In vitro translation and western blotting
Brachyury mRNA was synthesized using the pCS2+ construct described above and the Ambion mMessage mMachine (Applied Biosystems/Ambion). mRNA was translated in a rabbit reticulocyte lysate (Promega). In vitro translation products and embryoid body extracts were subjected to polyacrylamide gel electrophoresis (PAGE) and western blots were performed using CAPS transfer buffer (10 mM CAPS pH 11, 10% Methanol). Membranes were blocked with 5% milk powder in PBST overnight, and antibodies were diluted in the same solution. Washes were in PBST. Primary antibodies were R&D Systems anti-T and SantaCruz anti-T (see above). Both were used at a dilution of 1∶250. Secondary antibodies were HRP-linked SantaCruz D anti-goat IgG (1∶20,000) and HRP-linked Amersham NA934V anti-rabbit IgG (1∶100,000). All antibody incubations were 1 hour at room temperature. Both endogenous and in vitro translated T proteins were immunoprecipitated for western blotting using the Santacruz Exactacruz D anti-goat system (SC-45041, Santa Cruz) to avoid detection of heavy and light chains of the IP antibody. Detection used the Pierce Supersignal West Dura Extended Duration Substrate (Thermo Scientific).

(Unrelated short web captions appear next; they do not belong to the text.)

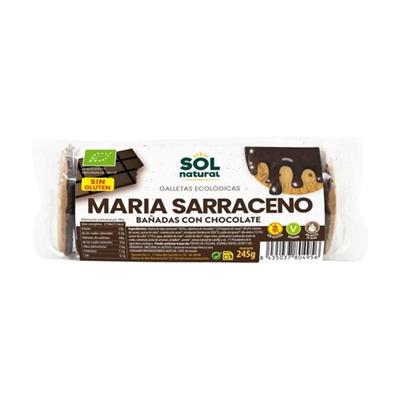 Galletas Maria sarraceno bañadas en chocolate sin gluten BIO 245g SOLNATURAL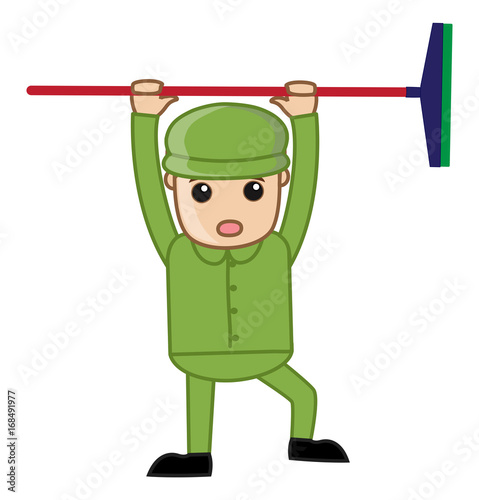 Cartoon Funny Man Standing with Bathroom Wiper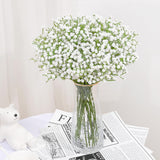 Babys Breath Artificial Flowers, 10 Pcs White Baby Breath Flowers Artificial Bulk, Fake Babys Breath Gypsophila Real Touch Faux Babys Breath For Wedding Floral Arrangement Home Decor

Chromatin immunoprecipitation (mouse ESCs)
Chromatin immunoprecipitation/location analysis was based on the Agilent Mammalian ChIP-chip Protocol, incorporating the Whole Genome Amplification GenomePlex Kit (Sigma) [82]. Intact EBs (1.5×109 cells) were fixed in 1 M formaldehyde for 20 min when Brachyury expression was at its highest level (usually after 4 days of differentiation). This was followed by quenching and isolation of nuclei. Our protocol differs from a previously-published procedure [83] in that EBs are not disrupted before fixation. Nuclei were sonicated using a Misonix 3000 ultrasonicator to create fragments of 500 bp, and these were immunoprecipitated using polyclonal goat anti-Brachyury C-19 (Santa Cruz Biotechnology) or normal goat IgG (Santa Cruz Biotechnology) as an isotype control. Following washing and elution steps, cross-links were reversed overnight at 65°C. Samples were analysed by promoter-specific primers or amplified by GenomePlex whole genome amplification for microarray studies.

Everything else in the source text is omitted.